### TRY IT
Starting at the line with "Ho kéo dài, trẻ" and ending at the line with "osteoporosis", print exactly the lines of the entries below. Pictures do not belong in the copy.

### INFORMATION
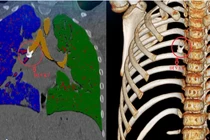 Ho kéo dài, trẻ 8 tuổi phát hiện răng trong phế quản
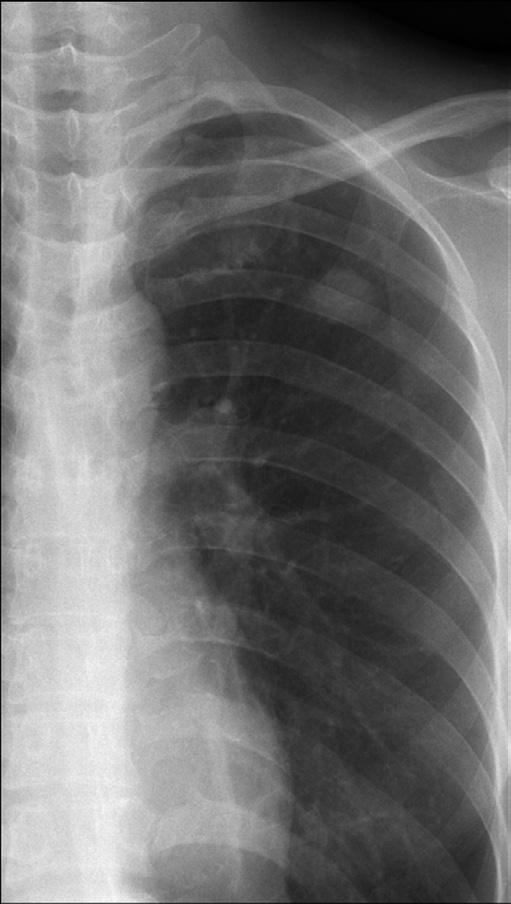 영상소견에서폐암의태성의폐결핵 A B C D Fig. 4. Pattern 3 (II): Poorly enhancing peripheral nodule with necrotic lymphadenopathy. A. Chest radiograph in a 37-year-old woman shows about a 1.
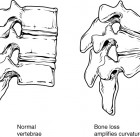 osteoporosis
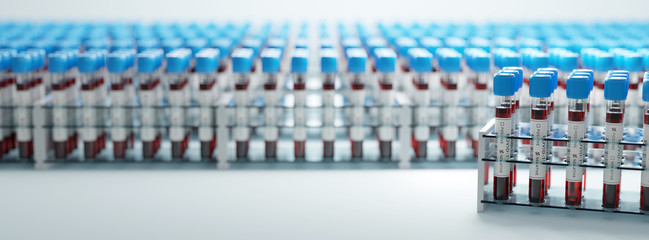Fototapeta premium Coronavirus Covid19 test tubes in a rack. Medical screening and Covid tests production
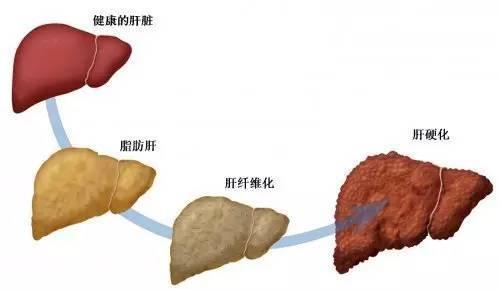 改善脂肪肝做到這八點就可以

--

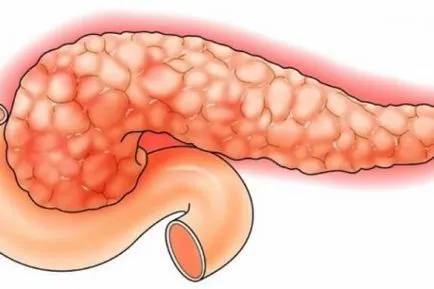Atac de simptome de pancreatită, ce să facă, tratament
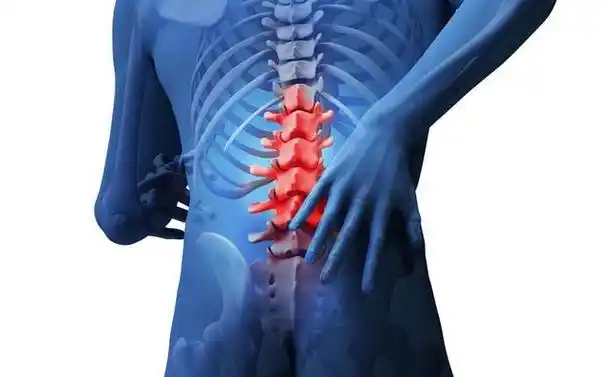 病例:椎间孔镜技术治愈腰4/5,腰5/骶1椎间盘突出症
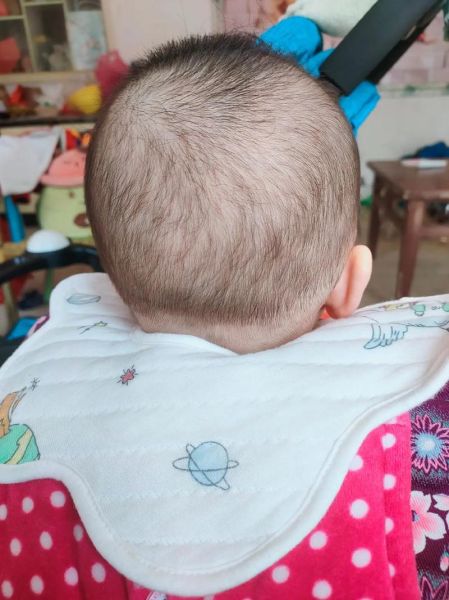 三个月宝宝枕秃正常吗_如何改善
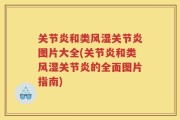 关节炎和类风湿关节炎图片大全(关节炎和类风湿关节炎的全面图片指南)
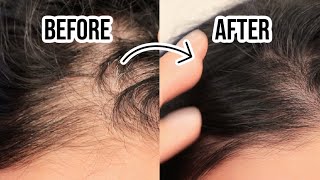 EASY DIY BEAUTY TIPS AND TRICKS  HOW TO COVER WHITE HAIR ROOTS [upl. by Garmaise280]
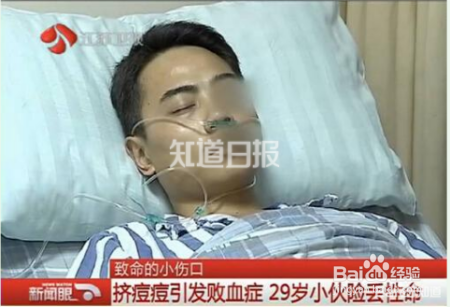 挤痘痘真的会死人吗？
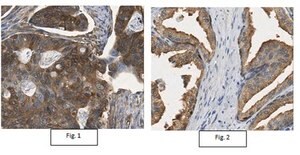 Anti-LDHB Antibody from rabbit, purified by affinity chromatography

---

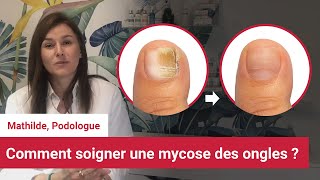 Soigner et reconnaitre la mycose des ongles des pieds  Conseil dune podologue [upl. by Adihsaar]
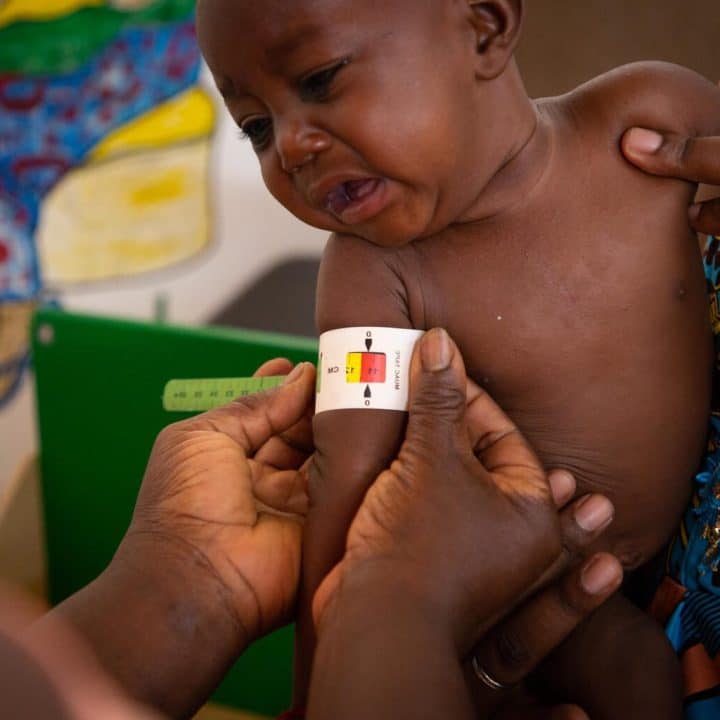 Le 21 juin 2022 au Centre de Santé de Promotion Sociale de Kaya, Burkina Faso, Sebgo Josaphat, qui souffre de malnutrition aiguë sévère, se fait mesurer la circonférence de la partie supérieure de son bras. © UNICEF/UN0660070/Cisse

### THE ANSWER
 Ho kéo dài, trẻ 8 tuổi phát hiện răng trong phế quản
 영상소견에서폐암의태성의폐결핵 A B C D Fig. 4. Pattern 3 (II): Poorly enhancing peripheral nodule with necrotic lymphadenopathy. A. Chest radiograph in a 37-year-old woman shows about a 1.
 osteoporosis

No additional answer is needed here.